Looking to the 2012 elections, Hayden said, “My philosophy is that there’s no one prescription for the vast diversity of protesters, progressives, and radicals, and movement activists in this country…”

He believes we should take a “pluralistic approach where we should look to the federal government to protect certain basic standards but also allow cities and states to take more progressive steps where they can, so that we’re not bound by the lowest possible standard.”

“You could start with state initiatives, the way California has done for decades, on energy efficiency, on solar power, anti-Nuke, and fuel efficiency standards for automobiles. And linking up with other states, they begin to create a powerful political and economic force for an alternative,” he said. “I think we win by building progressive power in certain areas of the country and then eventually the federal government is forced to go along.”

Hayden suggests “we should study more how our victories are won and how our defeats are suffered, and learn more about the interaction between social movements and electoral politics and this president… We’ve had a couple of years to see what works and what doesn’t and we need to move forward…”

He also says we should “focus more on Citizens United and taking down the infernal power of finance capital and the corporations over the campaign contributions.”

Hayden believes we need to reelect Obama, “hopefully elect Elizabeth Warren as a symbolic crusader against Wall Street in Massachusetts… [and] at all costs, do not lose the presidency and the Senate and the House to the Republicans, unless you’re ready for a juggernaut backed by a crazy right-wing U.S. Supreme Court.”

As far as Obama’s performance: “Do I think that he has performed less well than I would have hoped? Yes, absolutely. But it’s an experiment, it’s a learning enterprise… he’s always going to be a disappointment as a centrist because he needs to have a left against him in order to counterbalance the right.”

Hayden believes that Wisconsin has been the site of “the single most important political and economic struggle in the country… [Wisconsin] was the spearpoint of the Tea Party governors who wanted to destroy labor — public sector unions — and the spear got broken by the Wisconsin opposition.”
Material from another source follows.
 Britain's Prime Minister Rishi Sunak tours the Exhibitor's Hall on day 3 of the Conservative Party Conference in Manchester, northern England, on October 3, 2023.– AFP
“If we ever mark a time when the Tea Party started to be repelled and pushed back, I think it started in Wisconsin.”

Hayden notes that Wisconsin Gov. Scott Walker offered the police and the firefighters a deal “to exempt them from his attack on public sector workers, because he wanted to go after the teachers’ unions and so forth — and they said no.”

“If you go out there to Wisconsin to this day you’ll find the fife and drum corps of the firefighters, dressed in kilts, playing their instruments and leading the crowds into the state capitol, where they take the place over for an hour a day and sing all these very lively, energized radical labor songs.”

Hayden's not sure how powerful the Occupy movement is. “They had a surprising beginning, amazing acceleration and spread, they had tremendous media impact on the income equality issues, but they don’t have the Tea Party’s resource base or political base.”

But, “as long as we have our economic misery and Wall Street is out there as a big fat plutocratic target, I think Occupy will keep coming back in different forms.”

“These movements always come like the wind, they come out of nowhere, they come by surprise. It’s very hopeful, and it’s become a universal consensus that they’ve changed the dialogue to income inequality and poverty.”

And, “If you read the manifesto of Occupy Wall Street, the very first principle in their statement of principles is a transparent 'participatory democracy.'” The Occupy movement is clearly “carrying on the participatory democracy tradition.”

Port Huron lives. Fifty years and counting.